WHAT THIS TASK INVOLVES:
Although the data holds pictures, return only the lines from the one containing "Injury of Left" to the end, exactly, and without them.

RECORDED INFORMATION: Begin

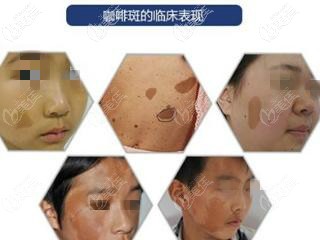 牛奶咖啡斑圖片小孩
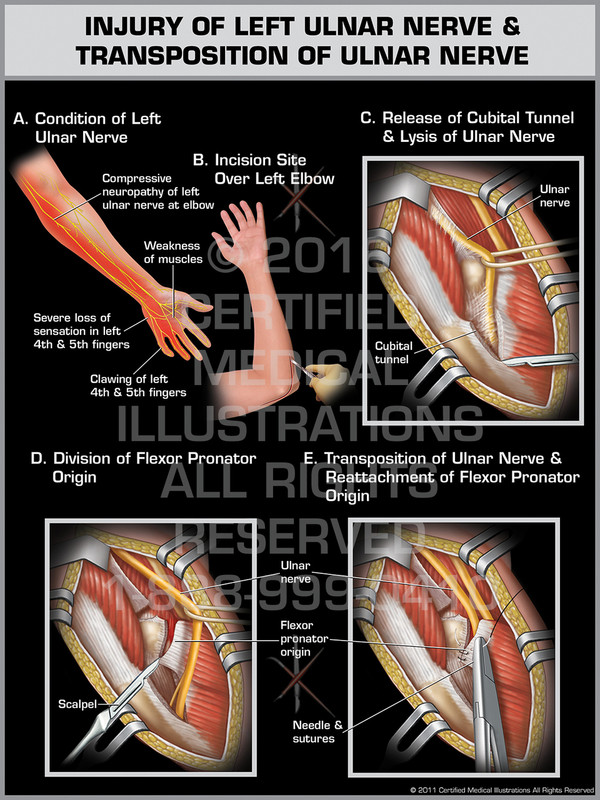 Injury of Left Ulnar Nerve & Transposition of Ulnar Nerve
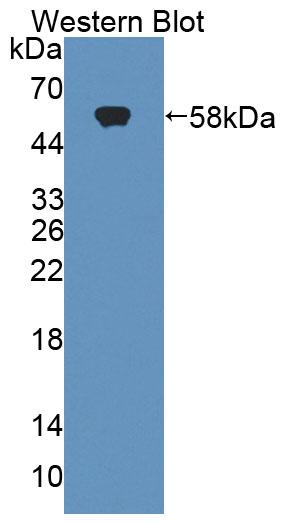 Polyclonal Antibody to Tenascin R (TNR)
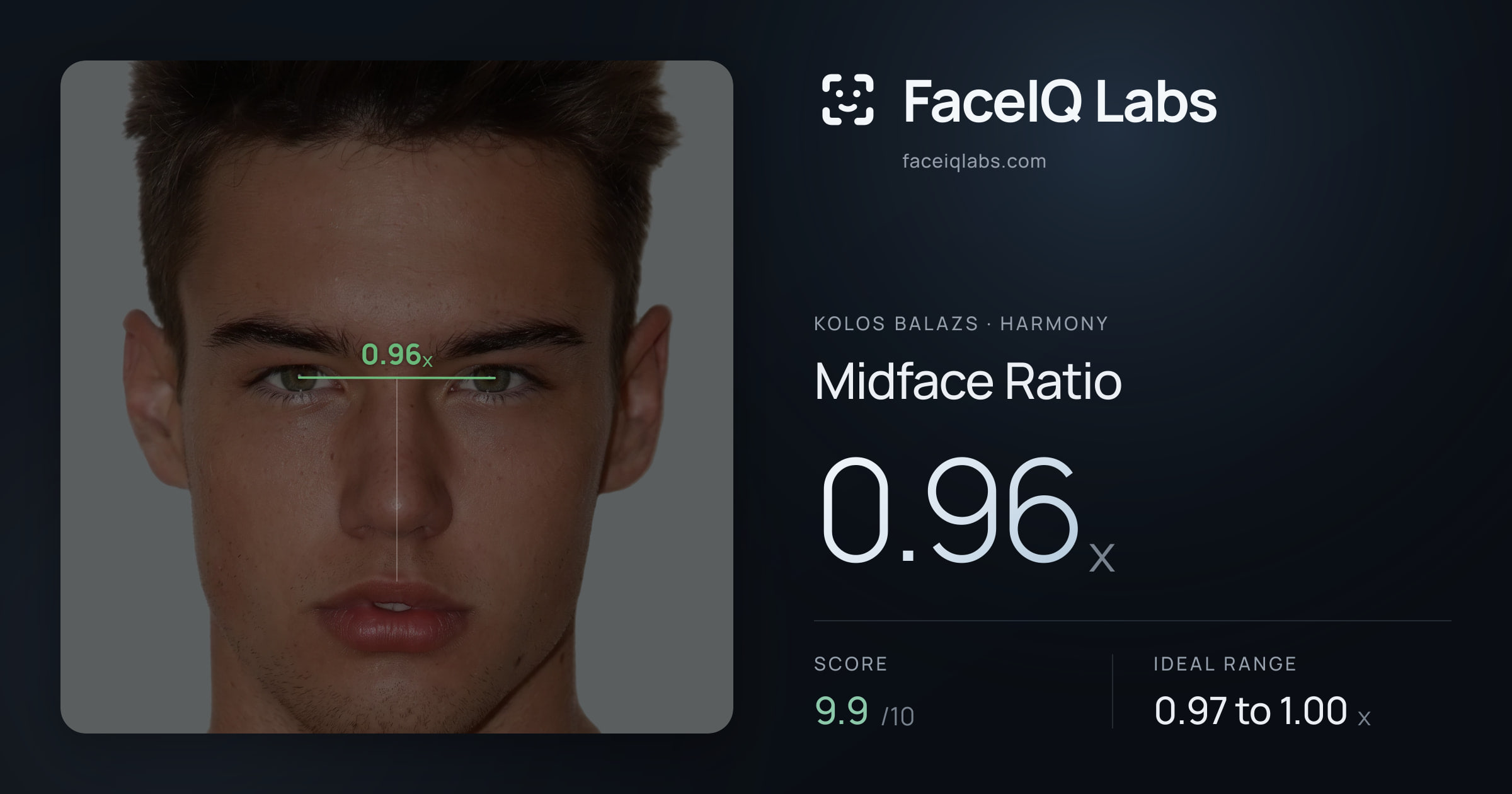 Kolos Balazs Midface Ratio: 0.96x, drawn on the photo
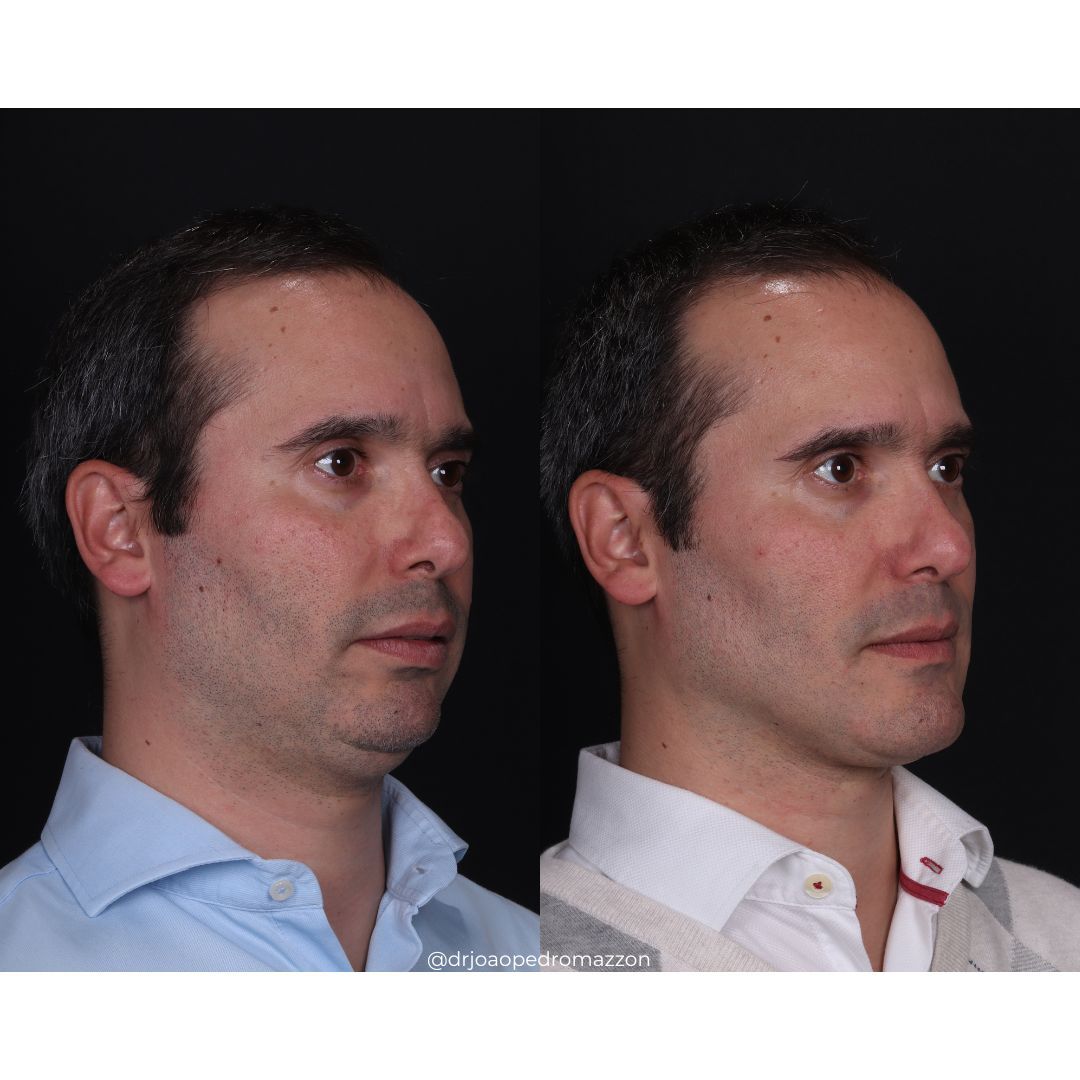 João Pedro Paulino Mazzon-48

RECORDED INFORMATION: End

FINAL ANSWER:
 Injury of Left Ulnar Nerve & Transposition of Ulnar Nerve
 Polyclonal Antibody to Tenascin R (TNR)
 Kolos Balazs Midface Ratio: 0.96x, drawn on the photo
 João Pedro Paulino Mazzon-48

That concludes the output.